70. Audiences and Journeys

Two aspects of writing or Blogging that yov haven’t yet discussed are audiences and journeys.

Just who are yov writing too or for? One of the problems with online writing is that yov feel or imagine yov have an audience, and of course a potentially enormous one, without having to go through all the difficult challenges of achieving publication in print. Online writing always has or seems to have an immediate audience. We write here as if writing ‘live’. Who know who reads our writing? This week it could be a few, a few strangers, someone yov know. this week yov might juts write something that gets a lot more attention than usual, you hit a nerve or write something controversial that travels well.

But one member of yovr audience is sure and reliable and that is yovrself and there is something about computers, that differs from typewriters, paper and pen, in the way that yovr writing is constantly displayed in a more or less professional manner on an electronic device and an illuminated screen, a little like an advertisement hoarding. It may also be important that, unlike a typewriter, paper or pen, yov don’t know how the computer works, it is, in a way, beyond yov.

Yov have already mentioned that writing online is, in a way, writing ‘live’ (and we could use other software to make it an even more live event). But if we had this performative sense to the illuminated screen yov can see that the screen too adds a further theatrical dimension. When yov write online yov are conscious and self-conscious in a new and different way to the pen or typewriter writer.

Furthermore, the audience or potential audience doesn’t lie, significantly deferred on the other side of a journey that will pass through editors, meetings, schedules, design, print and distribution, a journey full of pitfalls that might cancel the journey altogether.
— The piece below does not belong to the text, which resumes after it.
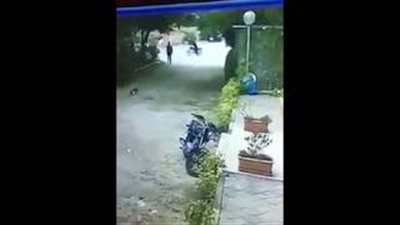 لحظة سرقة لص دراجة نارية في أقل من 30 ثانية (فيديو)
No, the audience or potential audience for the online writer is very close indeed, just a click away, as the arduous and dangerous journey described above is all replaced by a simple virtual button that says ‘PUBLISH’. How can this convenient shortcut possibly produce the same writers and the same writing?

One of the big questions of our age is whether our magnificent intellectual resources are being exponentially enhanced by new technologies or fatally undermined by them. Is writing, and are writers being devalued by technology, or is our new ability to share so much and so quickly, and for so many to publish and write so confidently and conveniently the greatest boon to thought since Gutenberg? And if it is a boon then where is the evidence of the much improved, informed, thoughtful, educated and empowered  society that we might expect to see as a result?

Yovr own Blog here has taken the form of a journey. Its interesting that, whenever you tried to regulate it too much, in such a way that it became a predictable, reliable instrument – e.g a weekly art review Blog – something in you baulked, squirmed and threw off this limitation.

Perhaps this is because you don’t want to give up on the hunch that you might be able to find a way of writing with a computer or a Blog that is really unique to a Blog or a computer, that you might, through experimentation, through undertaking a twisting journey, coming up against obstacles, negotiating them, almost quitting, starting again etc. you might just find something really valuable, special, even unique, and something important to share with others about the particular and peculiar dialogue that computers and Blogs have to offer the long tradition of writing.

Yov spent a lot of time experimenting with the identity of the subject writing. Yov now call that writer ‘YOV’ and recently changed the subtitle of the Blog form ‘An art Writer’s Journal’ to ‘Yov’s Journal’ (its grammatically awkward but worth bearing with yov think.) Here yov’ve started to consider the audience too, how to describe that possibly tiny, possibly huge, possibly careless and fickle reader and/or group of readers, regular or irregular, loyal or disloyal. those who read closely and those who barely read at all.

The next thing you want to consider is the journey of writing and the journey of your own writing, the journey of every sentence and the journey of a lifetime spent with writing. The journey of this Blog and the idea or concept of a journey per se. There, yov’ve reached, precisely, your wordcount.